Directions for this task:
Restate the data below word for word, omitting pictures.

Captioned web images:
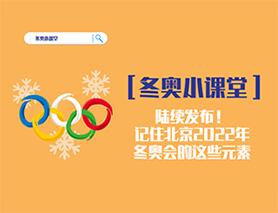 冬奧小課堂|陸續(xù)發(fā)布！記住北京2022年冬奧會的這些元素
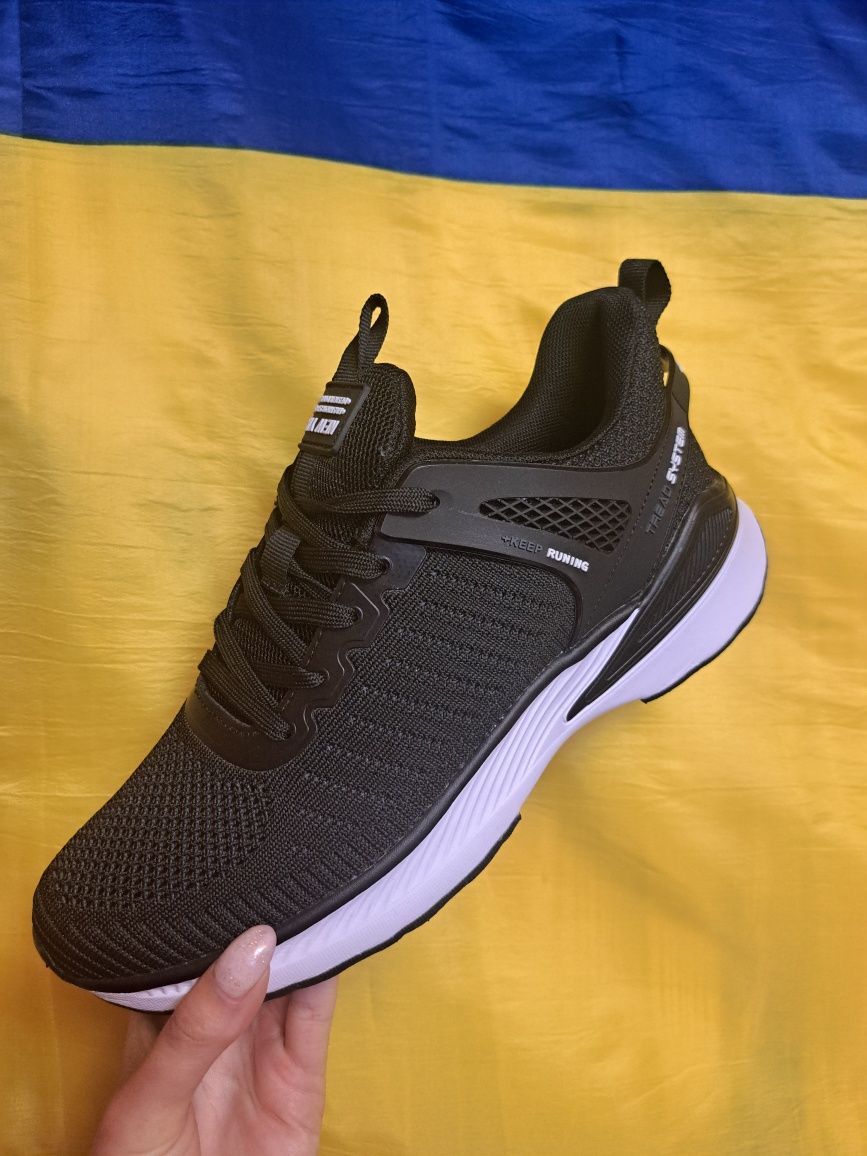 Чоловічі кросівки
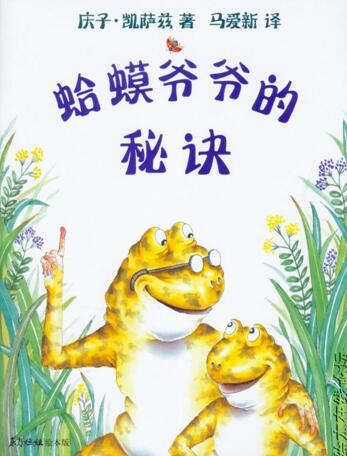 儿童绘本故事《蛤蟆爷爷的秘诀》PPT免费下载-bt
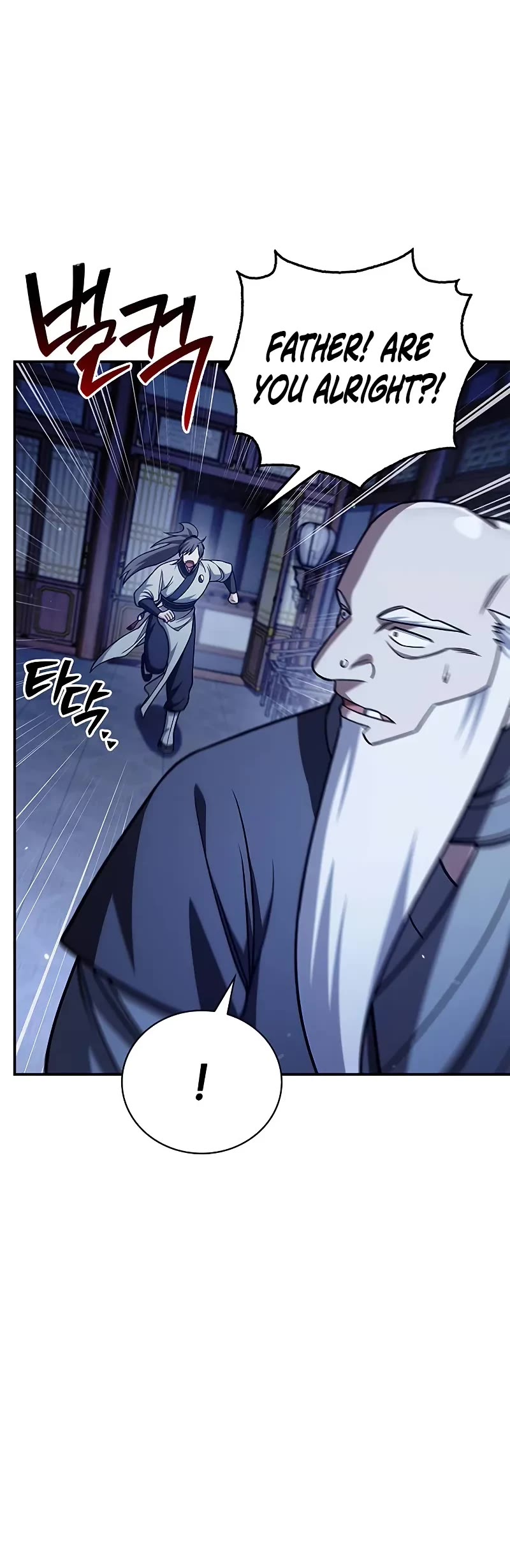 Heavenly Grand Archive’s Young Master chapter 136 page 6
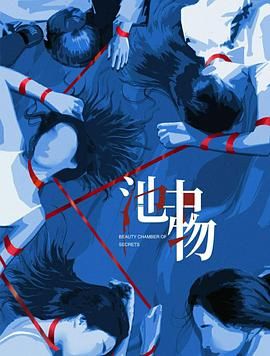 《池中物(2026)》高清海报 免费在线观看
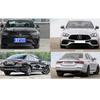 Обвес в стиле E63 2021 года для Mercedes W213 LCI E-Class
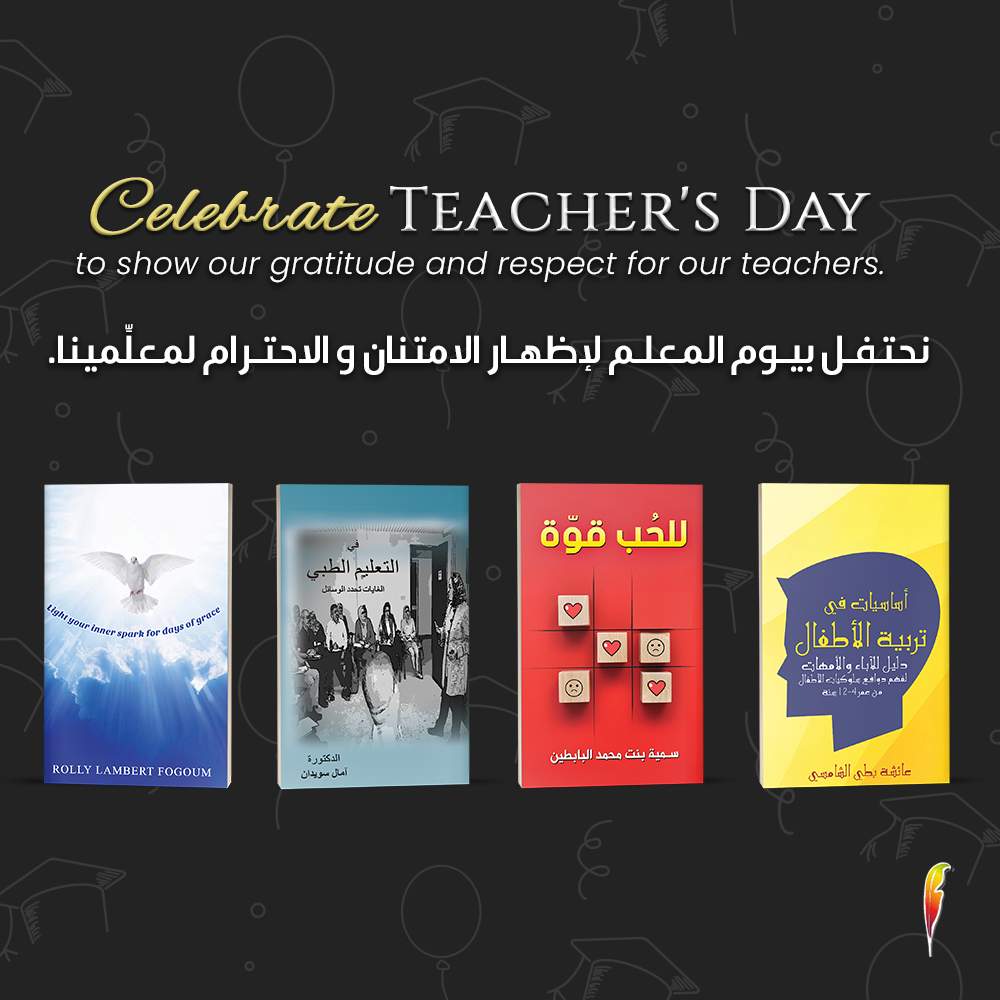 World Teachers’ Day 2022: Celebrating Educators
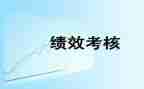 教师考核表月总结推荐6篇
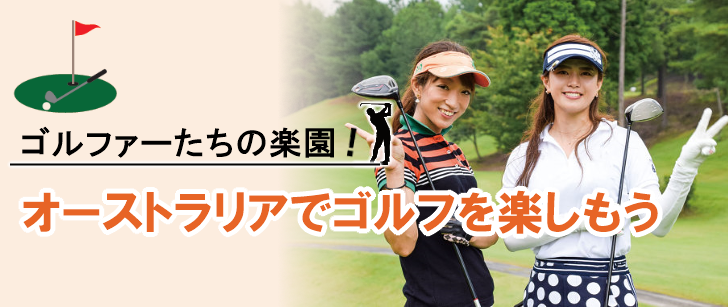 ゴルファーたちの楽園!オーストラリアでゴルフを楽しもう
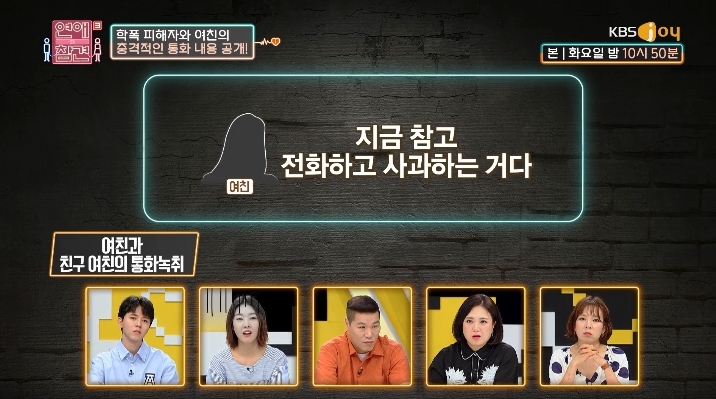 만약에 사랑하는 남친/여친이 과거 '학폭가해자' 였다면 (연애의참견3) | 인스티즈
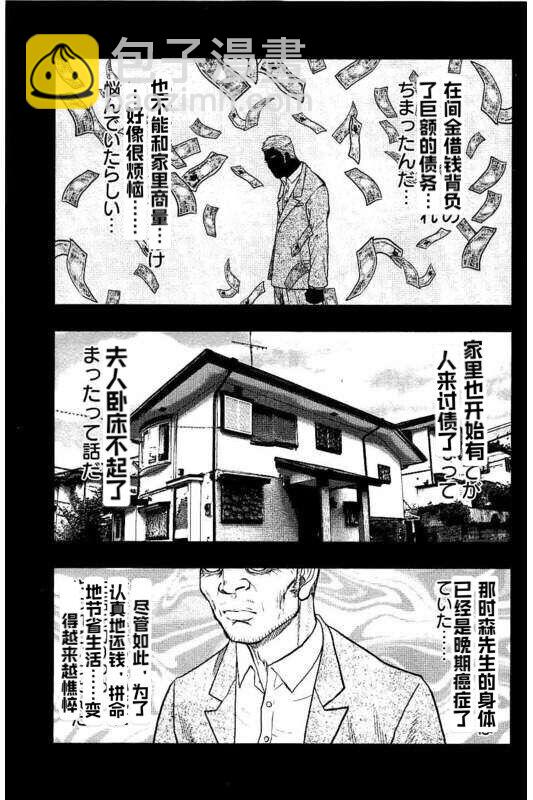 《热血高校crows外传-九头神龙男外传》第84话 第16页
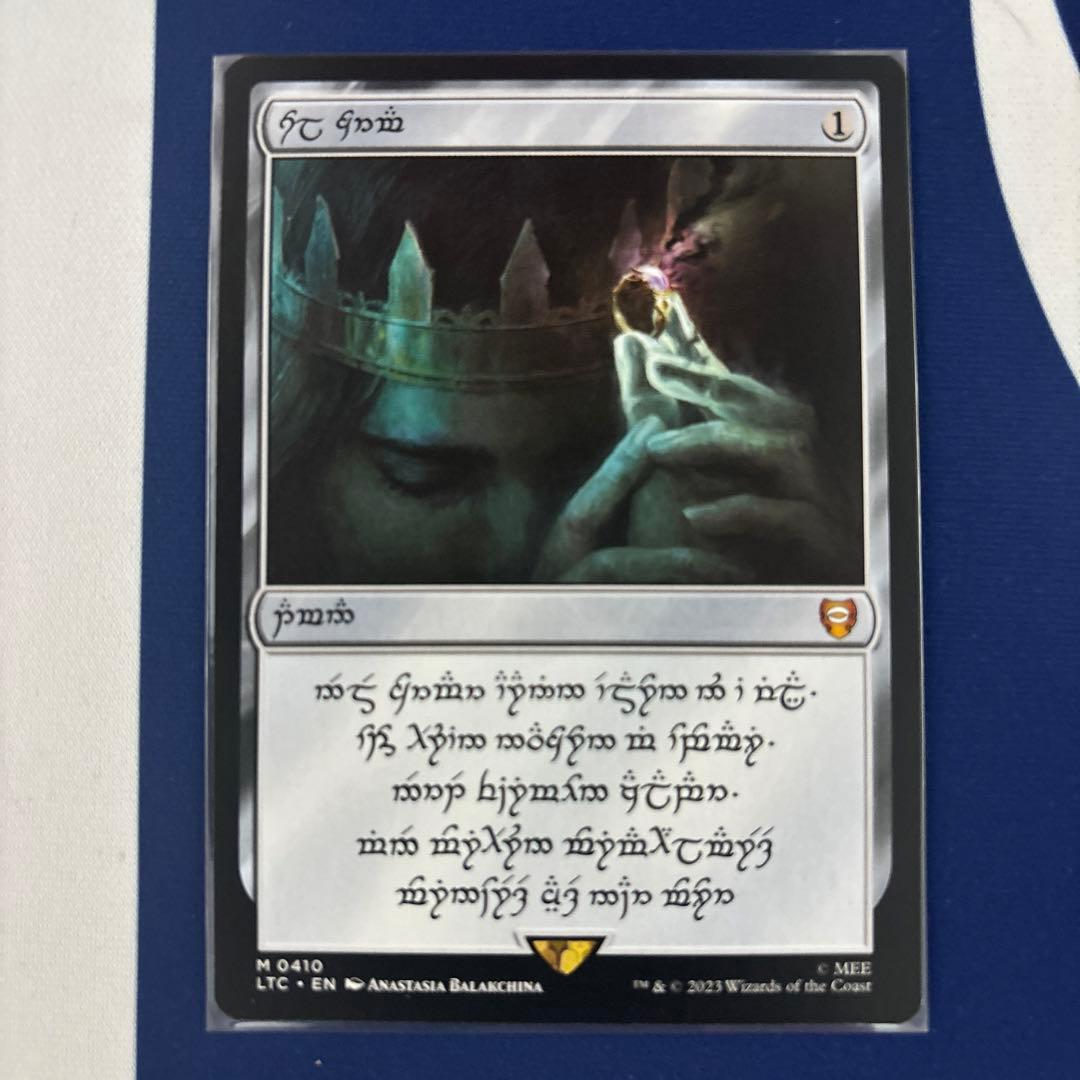 太陽の指輪　人間版　non-foil 太陽の指輪 Sol Ring 人間版 non-Foil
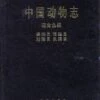 Fauna Sinica: Osteichthyes: Acipenseriformes, Elopiformes, Clupeiformes, Gonorhynchiformes [Chinese] -Wildlife Professional Books 134965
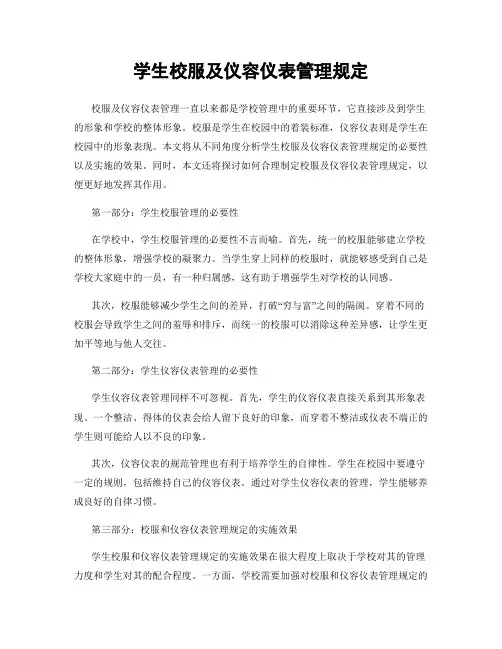 学生校服及仪容仪表管理规定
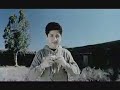 Shouf Shouf Habibi trailer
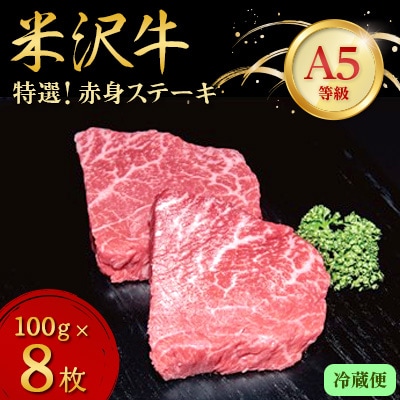 【特選米沢牛A-5】赤身ステーキ　800g(100g×8枚) 　(冷蔵便)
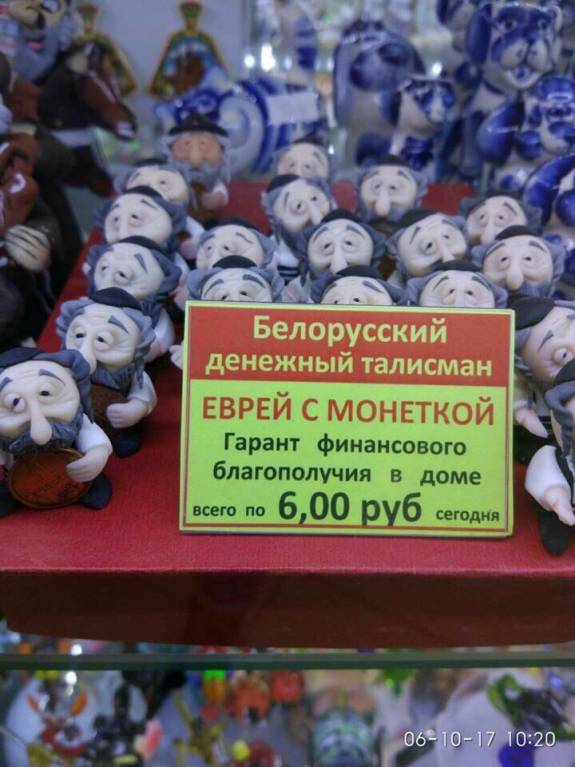 талисман.jpg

Response area:
 冬奧小課堂|陸續(xù)發(fā)布！記住北京2022年冬奧會的這些元素
 Чоловічі кросівки
 儿童绘本故事《蛤蟆爷爷的秘诀》PPT免费下载-bt
 Heavenly Grand Archive’s Young Master chapter 136 page 6
 《池中物(2026)》高清海报 免费在线观看
 Обвес в стиле E63 2021 года для Mercedes W213 LCI E-Class
 World Teachers’ Day 2022: Celebrating Educators
 教师考核表月总结推荐6篇
 ゴルファーたちの楽園!オーストラリアでゴルフを楽しもう
 만약에 사랑하는 남친/여친이 과거 '학폭가해자' 였다면 (연애의참견3) | 인스티즈
 《热血高校crows外传-九头神龙男外传》第84话 第16页
 太陽の指輪　人間版　non-foil 太陽の指輪 Sol Ring 人間版 non-Foil
 Fauna Sinica: Osteichthyes: Acipenseriformes, Elopiformes, Clupeiformes, Gonorhynchiformes [Chinese] -Wildlife Professional Books 134965
 学生校服及仪容仪表管理规定
 Shouf Shouf Habibi trailer
 【特選米沢牛A-5】赤身ステーキ　800g(100g×8枚) 　(冷蔵便)
 талисман.jpg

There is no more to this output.